The main seminar in this FIG, Interdisciplinary Letters & Science 101: “Major Transitions in Evolution,” will introduce students to evolutionary biology and its role in synthesizing knowledge across biology and beyond.

We will do this through interactive lectures and readings that cover different aspects of evolutionary theory. Discussions will focus on clarifying why evolution is so well established, and why it serves as an organizing principle in all of biology. Once you are feeling comfortable with the core concepts of evolution, we will put that knowledge to work in making sense of certain amazing transitions that occurred in the history of life on Earth. This will include the transition from non-life to life (a chemical problem), the transition from simple, prokaryotic cells to complex eukaryotic cells, and some of the key transitions in the relatively recent history of the human lineage (an anthropological issue).

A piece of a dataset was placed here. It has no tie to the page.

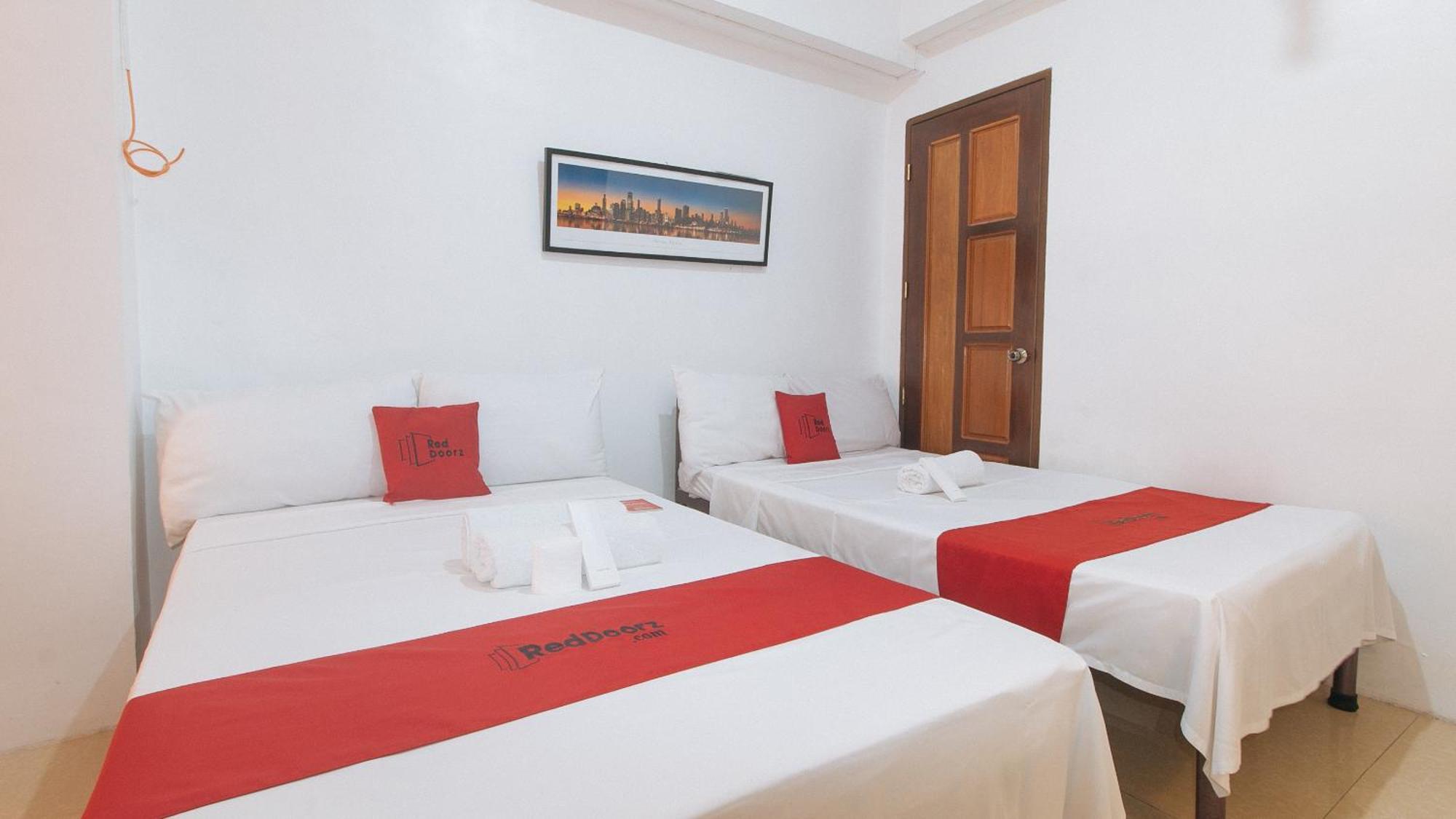 Reddoorz Near Lrt 2 Antipolo Station Ξενοδοχείο Εξωτερικό φωτογραφία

The goal is to equip you with an understanding of what a good evolutionary narrative looks like.  As a final project, groups of students will conduct literature research on a group of organisms and then prepare a presentation summarizing the group’s evolutionary history. Assessment will be based on quizzes, short writing assignments, a paper, a presentation, and contributions to in-class discussions and debates.

Anthropology 104: “Cultural Anthropology and Human Diversity” — Provides a comparative cross-cultural consideration of social organization, economics, politics, language, religion, ecology, gender, and cultural change. These topics will help provide context for our analysis of the American criminal justice system and our literatures about it.

Chemistry 103: “General Chemistry I” — Introduction to stoichiometry and the mole concept; the behavior of gases, liquids, and solids; thermochemistry; electronic structure of atoms and chemical bonding; descriptive chemistry of selected elements and compounds; and intermolecular forces.